L'enquête révèle bientôt un «problème de pressurisation» dans l'avion et l'absence de boulons où les bouchons de porte se sont détachés. Un défaut de fabrication qui touche de nombreux autres appareils de la même gamme. Des inspections supplémentaires auraient dû être effectuées par Boeing avant la mise en service de l'avion.
Dans les 24 heures qui suivent l'incident, la compagnie Alaska Airlines, elle, s'acquitte d'une compensation auprès de ses 174 passagers forcément très marqués: un remboursement intégral du vol et, «en guise de geste de soins immédiat» un paiement en espèces de «1500 dollars pour couvrir toutes les dépenses accessoires», indique la compagnie aérienne dans un communiqué.
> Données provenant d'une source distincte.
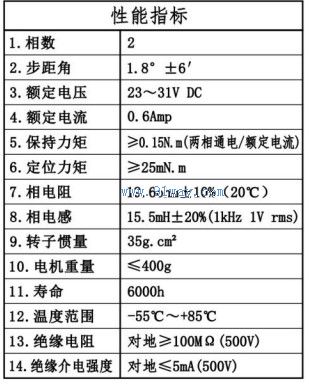 J45BH001�ͻ��ʽ���������������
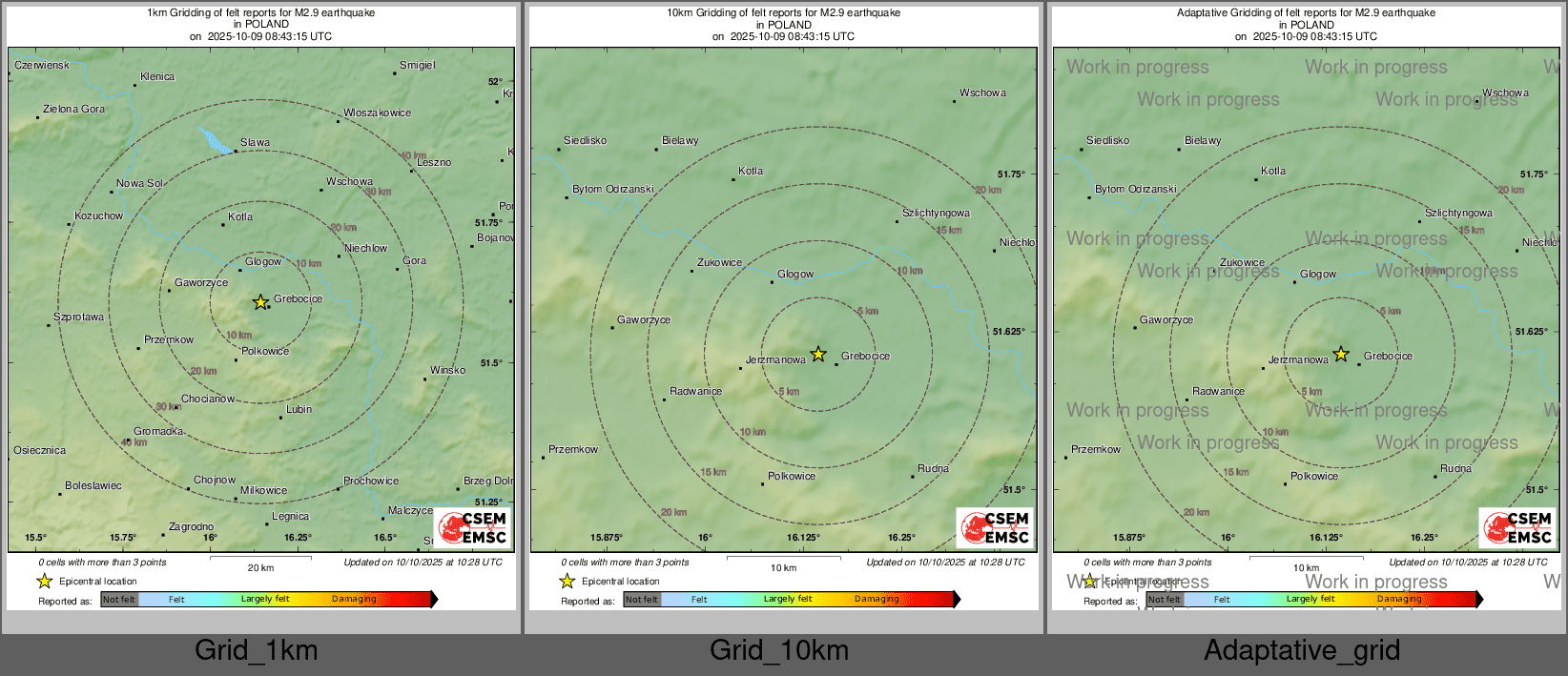 Intensity Map cluster
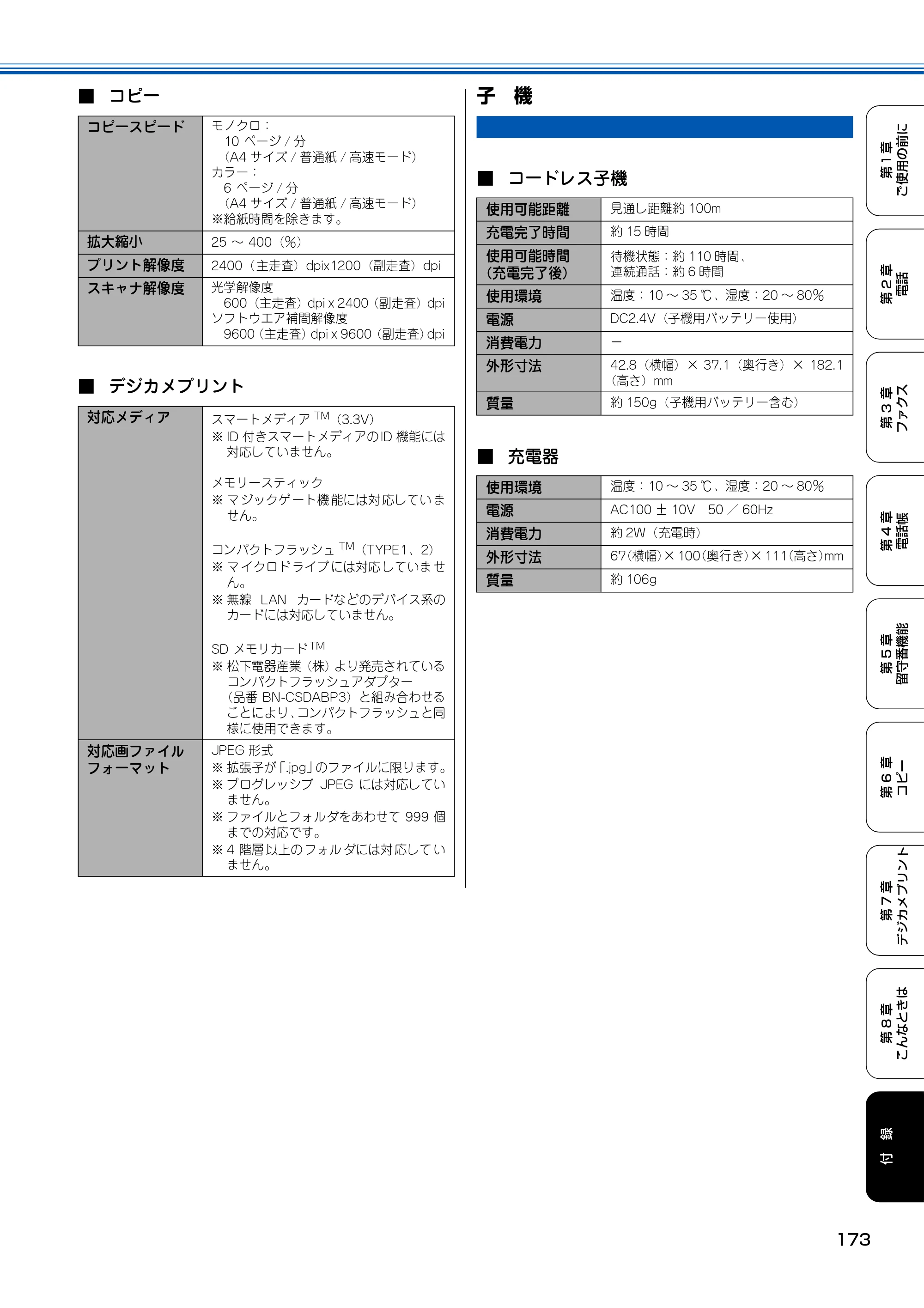 ブラザー MFC-150CL / MFC-150CLW 取扱説明書(本体) — 子 機 — 原本ページ — 174ページ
Sans oublier «un accès 24 heures sur 24 et 7 jours sur 7 à des ressources en santé mentale et à des séances de conseil».
Pour Kyle Rinker, Amanda Strickland et Kevin Kwok, le geste est loin d'être suffisant. Les trois passagers ont mis un prix sur leur traumatisme. Aujourd'hui, ils réclament des dommages-intérêts punitifs substantiels d'1 milliard de dollars pour ce qu'ils qualifient d'«incident évitable». Selon la plainte déposée, tous trois auraient «subi de graves blessures mentales, émotionnelles et psychologiques, y compris un stress post-traumatique, ainsi que des blessures physiques».
La plainte stipule encore la nécessité d'un procès pour obliger les deux sociétés, Boeing et Alaska Airlines, à donner la priorité à la sécurité plutôt qu'à la chance, après avoir ignoré des signes d'avertissement évidents. Le vol n'aurait jamais dû décoller.
Ce ne sont pas les premières poursuites avec lesquelles l'entreprise Boeing devra se dépatouiller dans les prochains mois. En janvier déjà, le constructeur a été poursuivi par des actionnaires pour les avoir «induits en erreur sur son engagement à fabriquer des avions sûrs».
En ce qui concerne Kyle Rinke et Amanda Strickland, l'expérience de ce vol cauchemardesque aurait laissé des traces. Selon Kyle, le seul bruit du passage d'un avion au-dessus de sa tête lui provoque des flashbacks. Et non, ils n'ont pas repris l’avion depuis:
Leur traumatisme vaut-il 1 milliard de dollars? La justice tranchera. (mbr)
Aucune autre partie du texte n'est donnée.